To verify cross-host rendering, you can write Playwright tests that load your simulations in the inspector with different host settings:

import { test, expect } from 'sunpeak/test';

test('renders ticket card', async ({ inspector }) => {
  const result = await inspector.renderTool('show-ticket', {});
  const app = result.app();
  await expect(app.locator('text=TICK-1234')).toBeVisible();
});

This kind of automated cross-host testing catches rendering differences before you deploy. See the testing guide for a full walkthrough.

Get Started

Documentation →
npx sunpeak new

Further Reading

Frequently Asked Questions

How do I build a Claude Connector?

A Claude Connector is an MCP server that exposes tools to Claude. Build an MCP server with tools that return data from your service, deploy it to a public URL, and add it via Claude Settings > Connectors > Add custom connector. For interactive connectors that render UI inside the chat, your server also needs to register MCP App resources.

What is the difference between a standard Claude Connector and an interactive one?

A standard connector returns data that Claude weaves into text responses. An interactive connector also includes MCP App resources that render UI (cards, dashboards, forms) inside the chat. Interactive connectors are marked with an "Interactive" badge in the Connectors Directory. Both are MCP servers.

How do I connect my MCP server to Claude?

Run your MCP server on a publicly accessible URL (use ngrok for development). In Claude, go to Settings > Connectors > Add custom connector, enter your server URL with /mcp path, and save. Enable the connector per conversation via the + button. Free users can add one custom connector. Pro, Max, Team, and Enterprise plans support more.

Do I need a paid Claude account to develop a Claude Connector?

No. You can build and test your connector locally without any Claude account. Use a local MCP inspector to verify tool behavior and UI rendering. You only need a Claude account when you want to connect your finished connector to a real Claude session.

How do I submit my connector to the Claude Connectors Directory?

Fill out the Connectors Directory server review form on the Anthropic website. All tools must include readOnlyHint or destructiveHint annotations, as missing annotations cause 30% of rejections. Your server must use Streamable HTTP transport and provide a test account if authentication is required.

Does my Claude Connector also work in ChatGPT?

Yes, if your connector is built on the MCP standard. MCP App resources render in any MCP-compatible host, so the same tools and UI components work in both Claude and ChatGPT without code changes.

Why does Claude need a pre-built bundle instead of Vite HMR?

Claude's iframe sandbox blocks HTTP script sources, so it cannot load from a local Vite dev server. Your framework needs to detect Claude's user-agent and serve a pre-built production bundle instead. On file changes, the server sends a notifications/resources/list_changed notification so Claude re-fetches the resource.
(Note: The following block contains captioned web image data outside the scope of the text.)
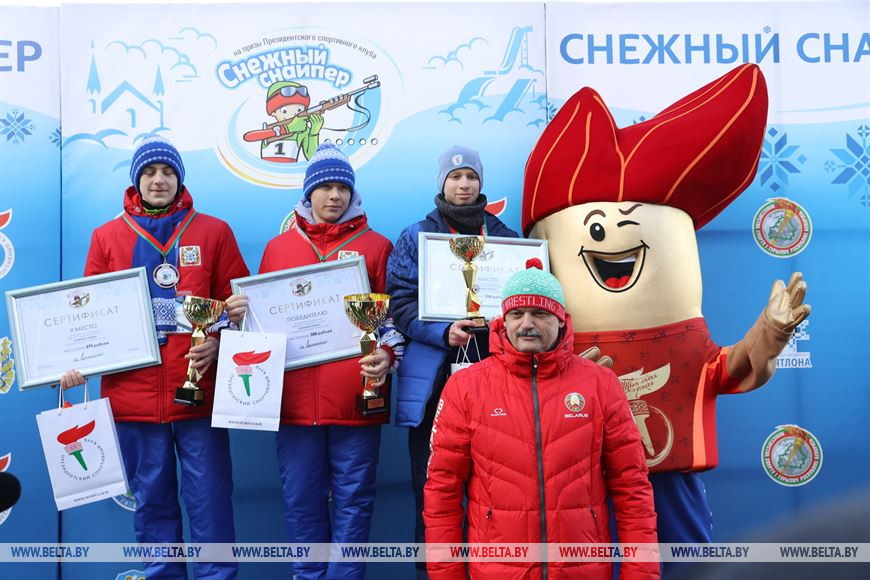 Министр спорта и туризма Беларуси Сергей Ковальчук во время награждения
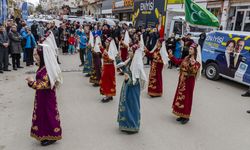 İYİ Parti ABB adayı Yıldırım, Kahramankazan'da SKM açılışına katıldı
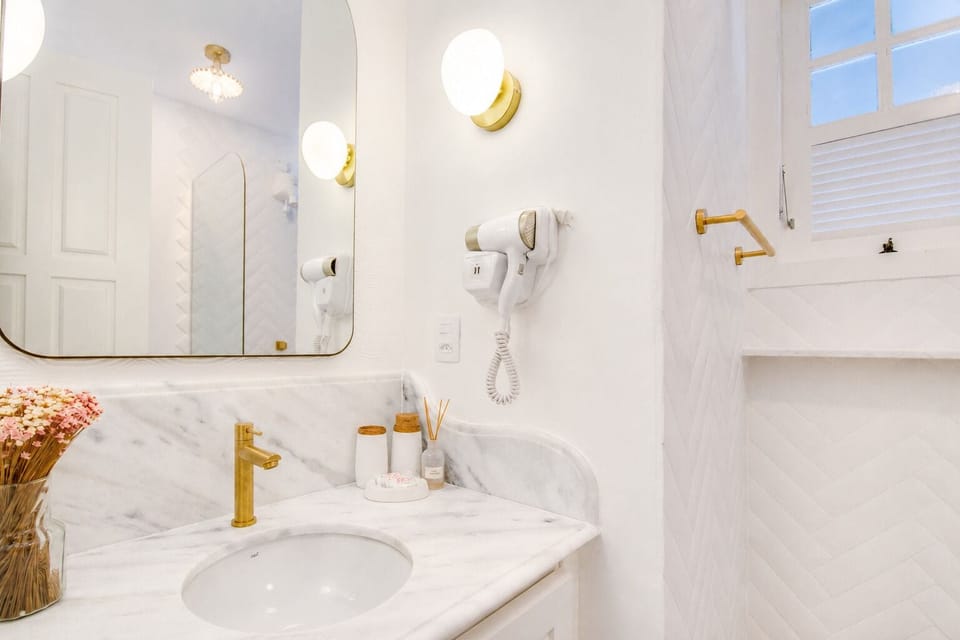 Traditional Double Room | Bathroom | Shower, hair dryer, towels, soap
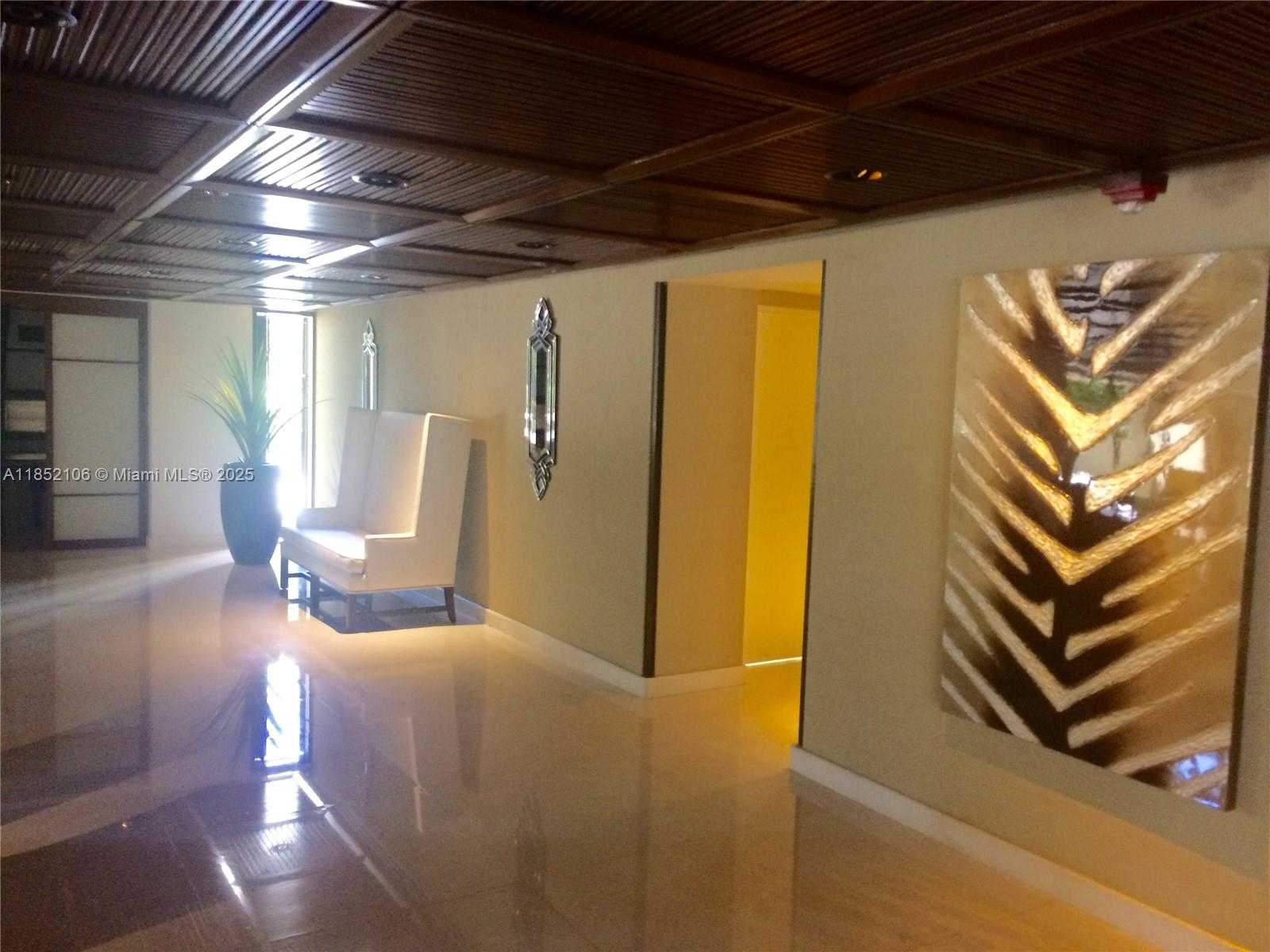 Small Image of 201 CRANDON BLVD #120, Key Biscayne Number 45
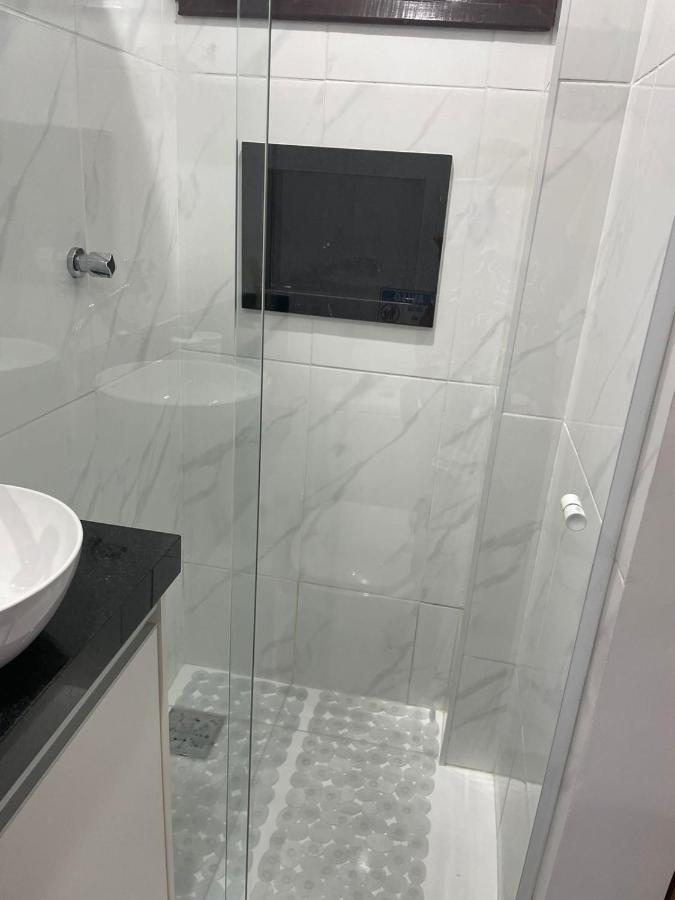 Apartamento moderno e super confortável localizado a alguns passos da Praia Grande Arraial do Cabo Esterno foto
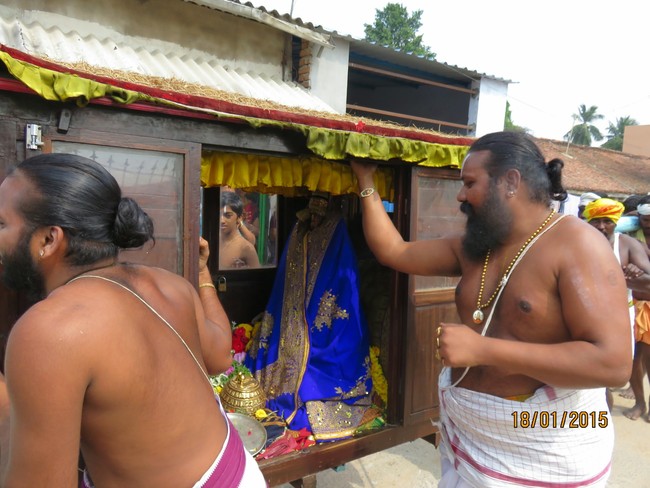 Kanchi Sri Devarajaswami Temple Sri Devaperumal Pazhayaseevaram Purappadu THirumbukal to Kanchi 2015-10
What are the requirements for the Claude Connectors Directory?

Your server must use Streamable HTTP transport (SSE support may be deprecated). All tools need readOnlyHint or destructiveHint annotations. Tool results cannot exceed 25,000 tokens. Tool handlers must complete within 5 minutes. If your connector requires authentication, use OAuth and provide a test account for review. Allowlist both claude.ai and claude.com callback URLs. Pure client credentials flow (machine-to-machine OAuth without user interaction) is not supported.